Botucatu: HC não tem nenhum paciente internado na Infectologia com Covid, nesta segunda-feira

O médico infectologista do Hospital das Clínicas da Faculdade de Medicina de Botucatu, Dr. Alexandre Naime Barbosa, referência nacional no combate da Covid-19, deu mais uma boa notícia direto do HC.

De acordo com ele, nesta segunda-feira, 06, não há nenhum pacientes com Covid-19 internado na Infectologia da Unesp. No domingo, 05, havia um paciente, mas nesta segunda-feira não há mais ninguém com Covid na Infectologia.

“A imagem fala por si, nosso clássico quadro de pacientes da Infectologia UNESP, que hoje no plantão de segundona de feriado está zerado de pacientes Covid. Há alguns meses os pacientes eram tantos, que não cabiam nas linhas e, por isso, dividimos o quadro com as colunas amarelas para dobrar a capacidade, situação que só foi vencida com a vacinação da população finalmente em níveis satisfatórios”, comemorou em sua rede social.

Em outras enfermarias do HC, há outros pacientes com Covid internados, realizando tratamento.

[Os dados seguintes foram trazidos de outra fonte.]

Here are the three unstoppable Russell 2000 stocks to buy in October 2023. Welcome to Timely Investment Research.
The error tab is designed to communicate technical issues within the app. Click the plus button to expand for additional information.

Na sexta-feira, 03, a assessoria do HC divulgou que 43 pessoas estavam internadas com Covid. Eram 34 em UTI e 9 em enfermaria. O Hospital não divulga mais diariamente os boletins sobre a situação da doença.

“Porém a Pandemia não acabou, o vírus SARS-COV-2 continua circulando com toda a velocidade na sua versão delta, mais contagioso, e por isso vamos manter as regras de prevenção ao retomar as atividades da nossa rotina. Estar vacinado significa então reduzir imensamente (90-95%, ou cerca de 20x) a chance de hospitalização ou óbito por COVID, e somente a combinação de todas as medidas de prevenção num pacote de proteção (máscaras, distanciamento social, higiene das mãos e imunizantes) pode otimizar a segurança de todos”, completou Dr. Alexandre Naime Barbosa.

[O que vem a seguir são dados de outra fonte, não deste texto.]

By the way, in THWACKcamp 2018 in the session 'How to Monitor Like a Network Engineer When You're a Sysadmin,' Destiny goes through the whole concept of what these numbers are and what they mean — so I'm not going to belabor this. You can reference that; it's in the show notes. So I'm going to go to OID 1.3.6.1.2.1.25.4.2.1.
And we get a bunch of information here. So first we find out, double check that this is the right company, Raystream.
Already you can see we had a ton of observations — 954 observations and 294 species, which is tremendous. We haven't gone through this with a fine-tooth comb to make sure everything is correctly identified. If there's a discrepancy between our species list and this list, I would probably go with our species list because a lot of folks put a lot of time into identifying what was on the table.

Botucatu já vacinou com duas doses toda a sua população adulta e iniciou a vacinação para adolescentes, de 13 a 17 anos. A Cidade participa de um projeto de vacinação em massa para avaliar a efetividade da vacina contra a covid-19. O estudo está sendo conduzido pelo Ministério da Saúde e a Prefeitura de Botucatu, junto com a Universidade de Oxford, a Fundação Oswaldo Cruz (Fiocruz), a Universidade Estadual Paulista (Unesp), o laboratório AstraZeneca, a Universidade Federal de São Paulo (Unifesp) e a Fundação Bill e Melinda Gates.